■ **Data entries**

--------

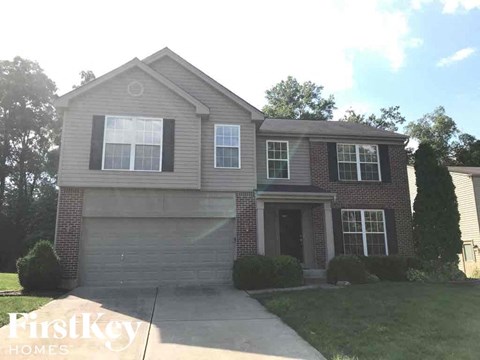 a house with a garage and a sidewalk in front of it
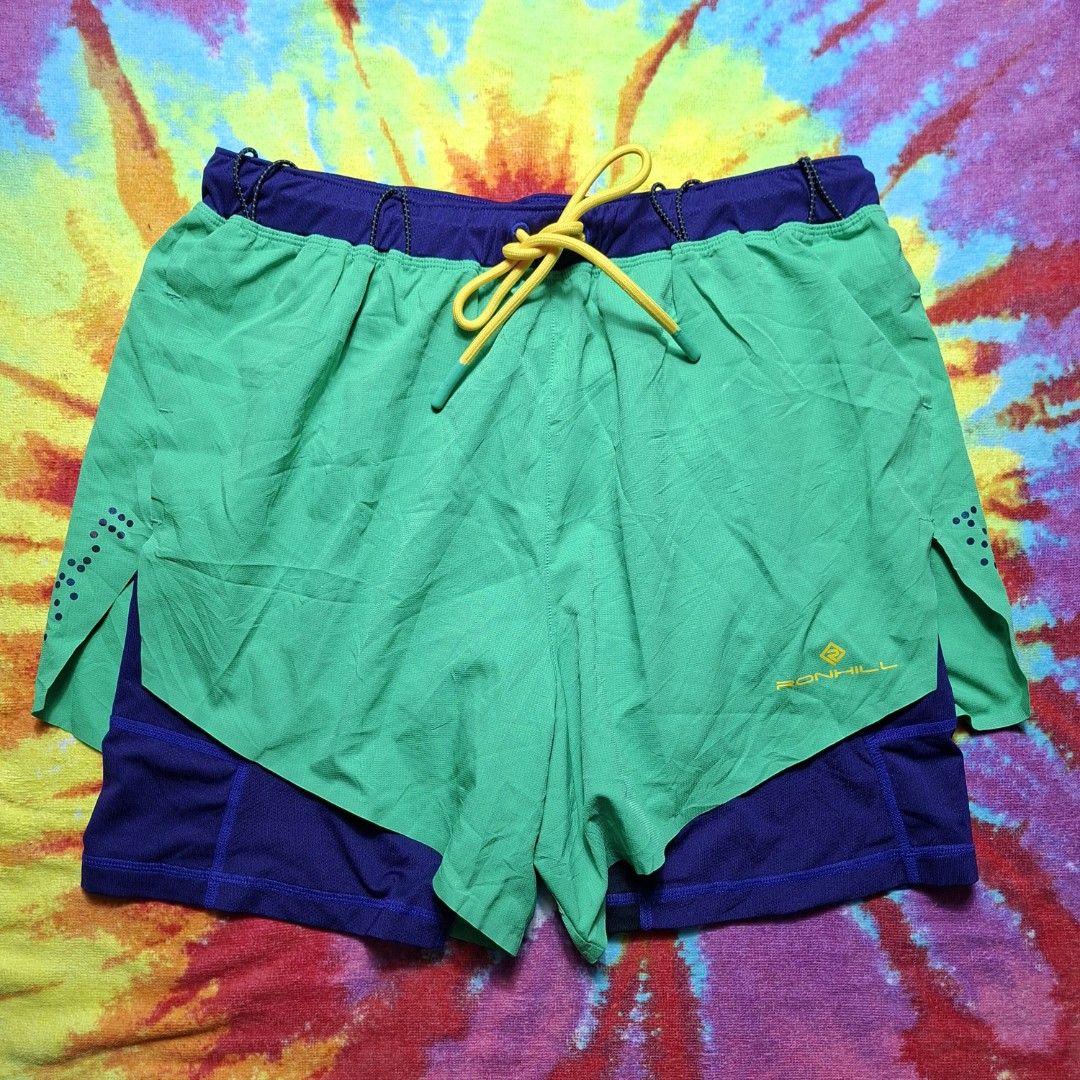 Ronhill - m (men's) (Category: Activewear) located in Puerto Princesa. Submitted by thrinidad (Listing ID 1396806994, Image 2). Description: tech distance twin shorts size medium dimension (laid flat) waist 14" liner length 16" fits 28" waistline and above no damage/stain (3) 1 back pocket, 2 liner pockets Disclaimer : I do not own nor claim to own the rights to any of the brand, logo and photo. Color may vary due to photographic lighting sources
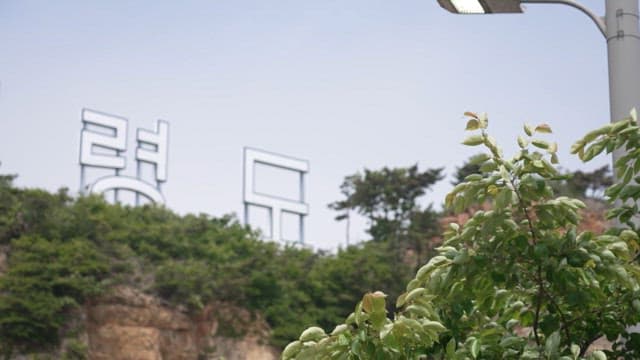 Coastal area with Baeknyeongdo Island sign on cliff on a cloudy day
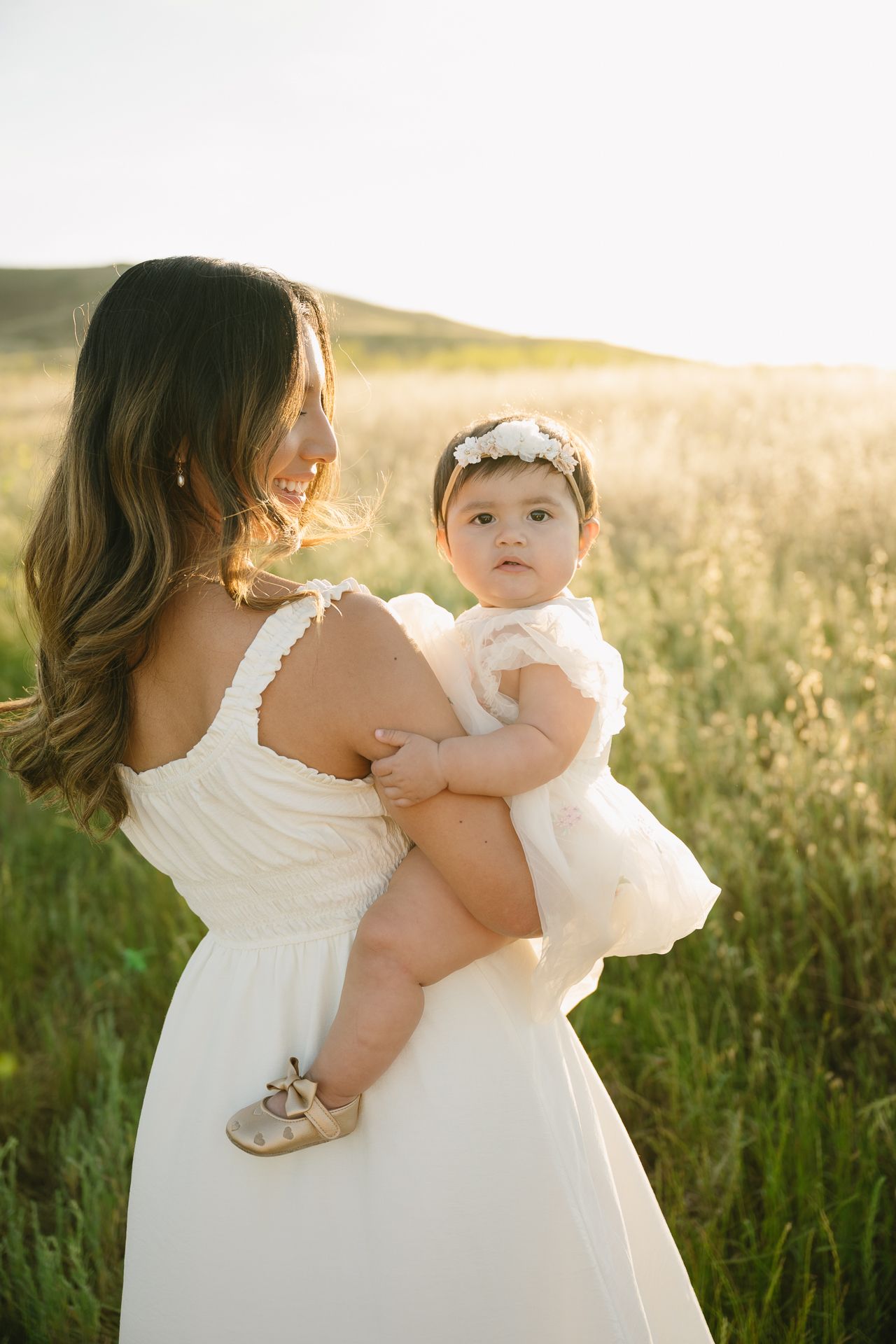 Mother in white dress holding baby girl in white outfit and floral headband in a sunlit green field.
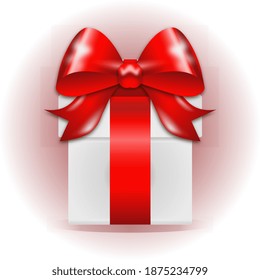 Caja de regalo con arco rojo en el fondo 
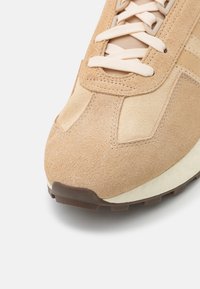 Beige mockaskons med texturerad ovandel, crèmefärgad mellansula och brun sula. Har rund snörning och rundad tå för en klassisk stil.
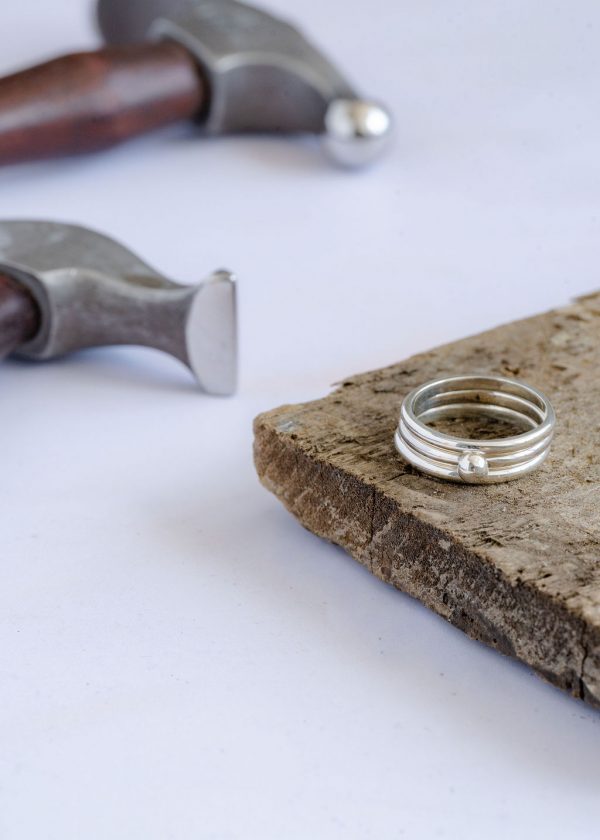 Stacking rings, pebble centrepiece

--------

All lines from the one bearing "Beige mockaskons med" through the last line of the records, and only those, should be duplicated exactly; no picture belongs in the copy.

■ **Solution to this exercise**
 Beige mockaskons med texturerad ovandel, crèmefärgad mellansula och brun sula. Har rund snörning och rundad tå för en klassisk stil.
 Stacking rings, pebble centrepiece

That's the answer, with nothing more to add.